Sprites are small preview pictures which pop-up whenever you're hovering with your mouse above the player's time-line / seek-line.
If you upload your videos manually via IPFS you'll have to generate those sprites by yourself.
Requirements
You'll have to install on your computer:
- FFmpeg
- ImageMagick
TL;DR
I've created a shell script for that task. I've linked that at the bottom of this post. The script is Linux-only. If you need a Windows version please let me know in the comments.
Sprite Format
A d.tube video may have up to 100 sprites. Each sprite has a size of 210 x 118 pixel. The sprites are stored in a large JPEG image file, attached vertically to each other. Example.
When a video is shorter than 100 seconds, each second of the video is a separate sprite. A 40 second long video only has 40 sprite images.
Sprite Generation
First you'll have to calculate your jumps in the video. For a video longer than 99 seconds you'll need 100 frames from the video distributed evenly.
I'm using FFmpeg to extract a specific frame and store that frame as a bitmap image file.
ffmpeg -accurate_seek -ss 150 -i myvideo.mp4 -s 210x118 -frames:v 1 sprite_second150.bmp
FFmpeg accepts on parameters:
- ss: the timestamp of a specific frame in seconds or in the format of HH:MM:SS
- i: path to source video file
- output path
You'll have to loop that command multiple times to get the desired number of sprite-fragments.

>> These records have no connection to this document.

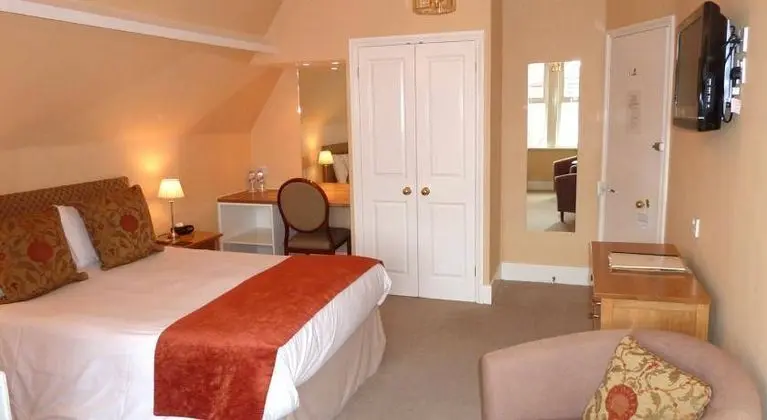 Sentry Mead Hotel - Genel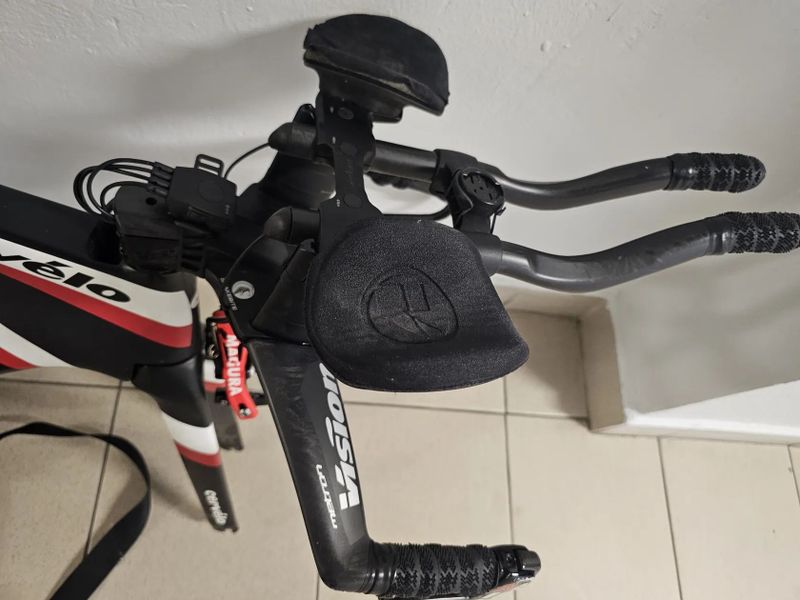 Časovkársky bike Cervelo P5 six, veľ. M/54, sada Sram Red eTap, wattmeter
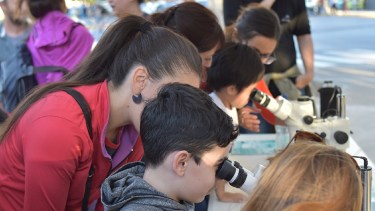 Grandes y chicos pueden acercarse a conocer las investigaciones realizadas por el CONICET - Foto: Gentileza CONICET.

Then I'm using ImageMagick's "montage" tool to combine the fragments into one file.
montage sprite_*.bmp -mode Concatenate -tile 1x100 myvideo-sprite.jpg
Montage's parameters explained:
- input file(s): with an asterisk to catch all sprite-fragments
- mode Concatenate: just put the images next to each other leaving no space bewteen
- tile: how to order the fragments on a grid. d.tube wants ab straight vertical line so 1x[number of fragments] would do the trick
- output path: where to store the sprite-image. Don't forget the .jpg file extension.
Assertions
The script requires an index on the video's container (which is the case on most video files with MPEG 4 containers with H.264 content) and an aspect ratio of 16:9. Other aspect ratios may lead to a unproportional sprite-image.
Shell Script
I've made a shell script for calculating the sprite image for a specific video.
Just call:
./dtube-sprite.sh /path/to/myvideo.mp4 myvideo-sprite.jpg
Download
via gist.github.com
via pastebin.com
License
The script is licensed under CC0 / public domain.
So, how about that Windows version? I'm actually using Adobe Premiere. Is it possible?